__Input data__
--- START ---

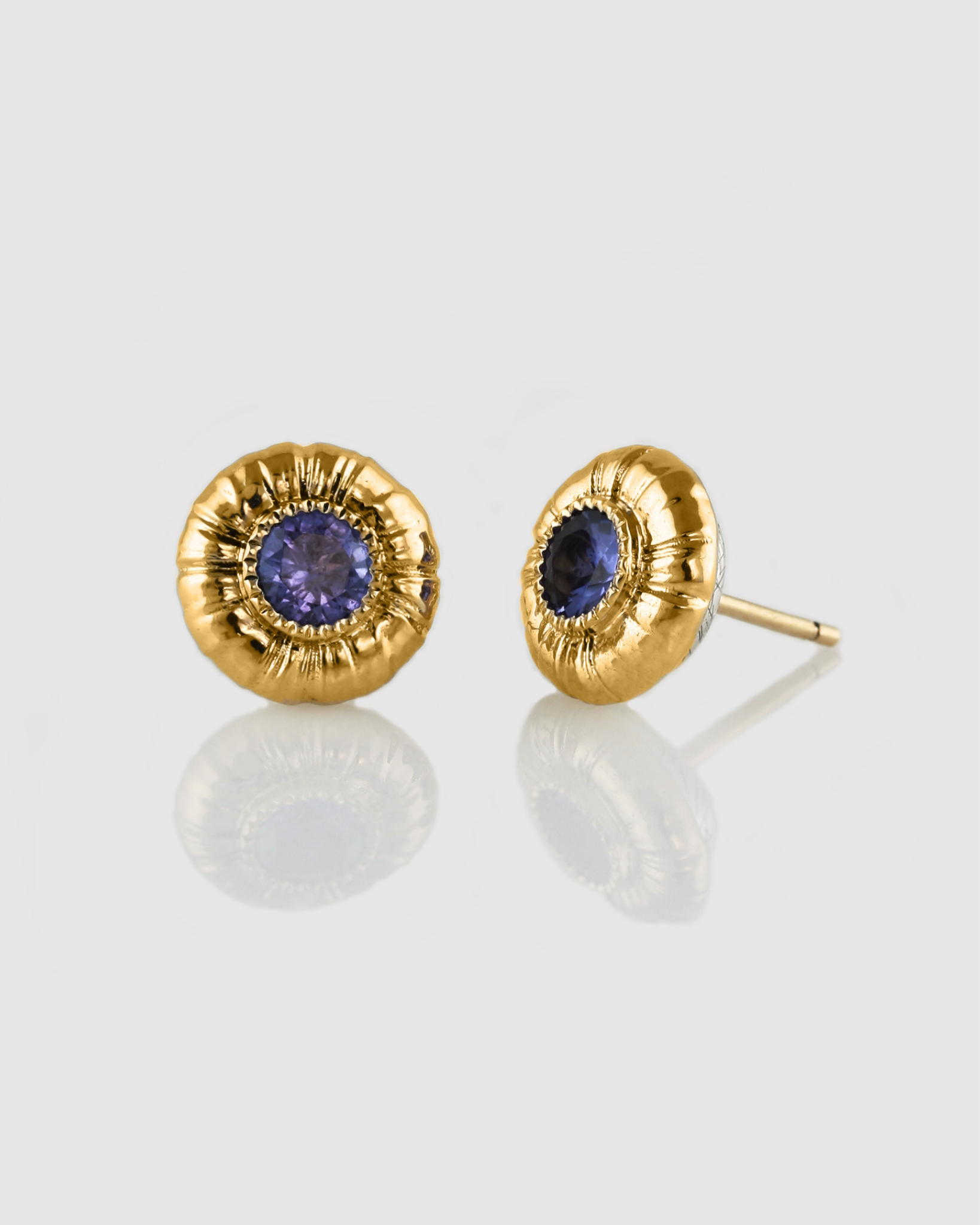 Shiny Blue earstuds tanzanite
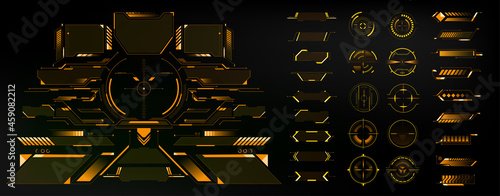 Big Collection yellow hi-tech elements, HUD, interface for GUI, UI, UX design. Futuristic Sci-Fi user Interface. Dashboard display. Callouts titles. Vector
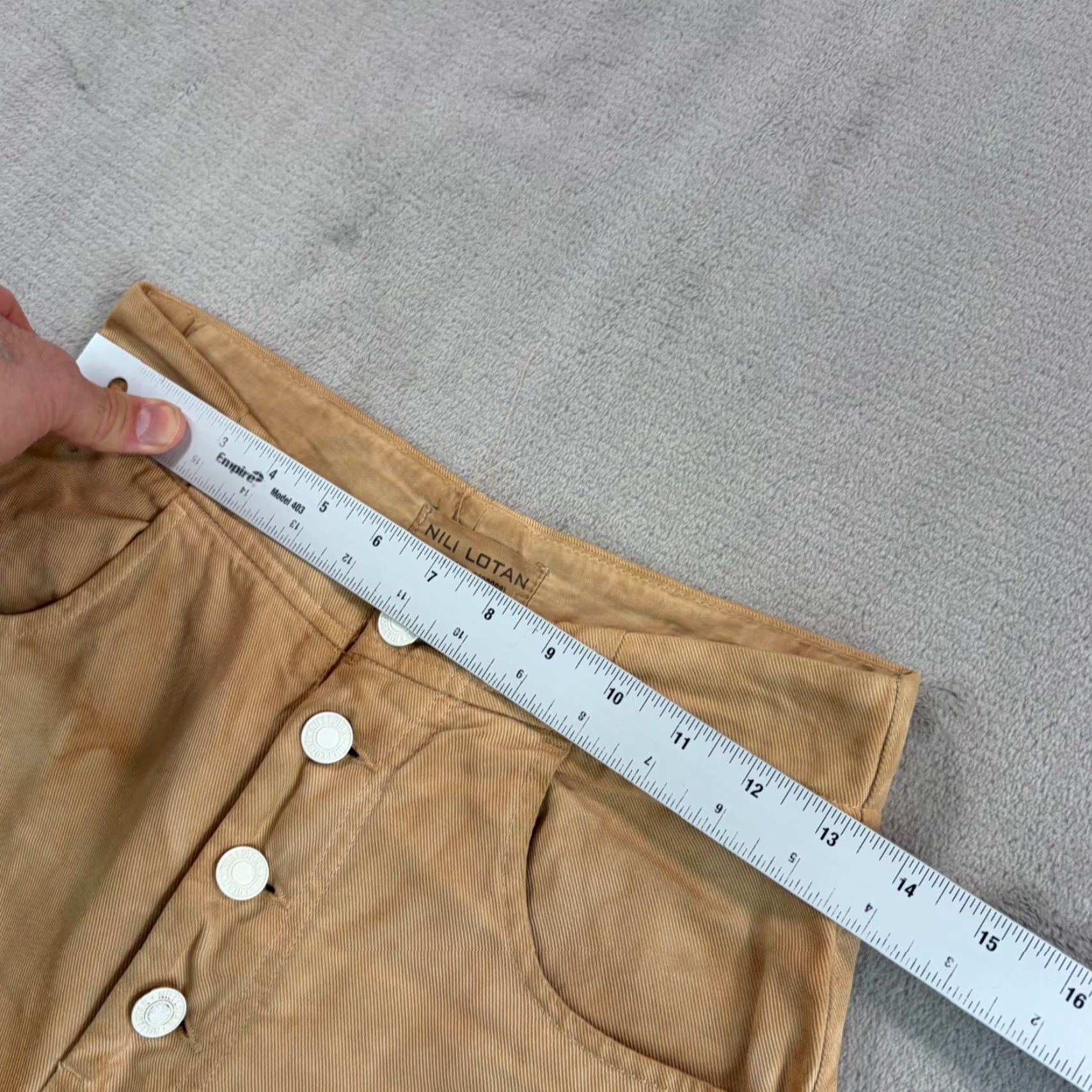 Nili Lotan Nili Lotan Pants Barrel Exposed Button High Rise Flat Front Cotton Twill Women's 2 Brown Vintage Tobacco Bohemian Casual 27 Inseam Size 26" / US 2 / IT 38 - 5 Thumbnail
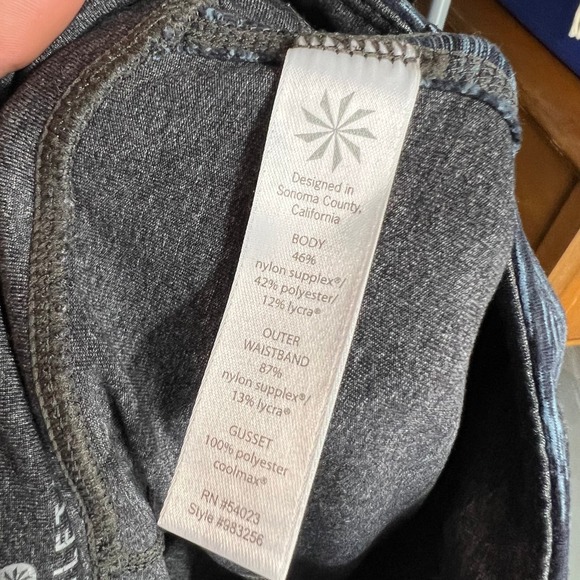 Athleta Gray Leggings Ankle Cropped Heathered Blue Racing Strip Running Women XS - Picture 7 of 10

--- END ---

__Your assignment__
Reproduce the listing exactly, but keep its images out of the copy.

__Problem solution__
 Shiny Blue earstuds tanzanite
 Big Collection yellow hi-tech elements, HUD, interface for GUI, UI, UX design. Futuristic Sci-Fi user Interface. Dashboard display. Callouts titles. Vector
 Nili Lotan Nili Lotan Pants Barrel Exposed Button High Rise Flat Front Cotton Twill Women's 2 Brown Vintage Tobacco Bohemian Casual 27 Inseam Size 26" / US 2 / IT 38 - 5 Thumbnail
 Athleta Gray Leggings Ankle Cropped Heathered Blue Racing Strip Running Women XS - Picture 7 of 10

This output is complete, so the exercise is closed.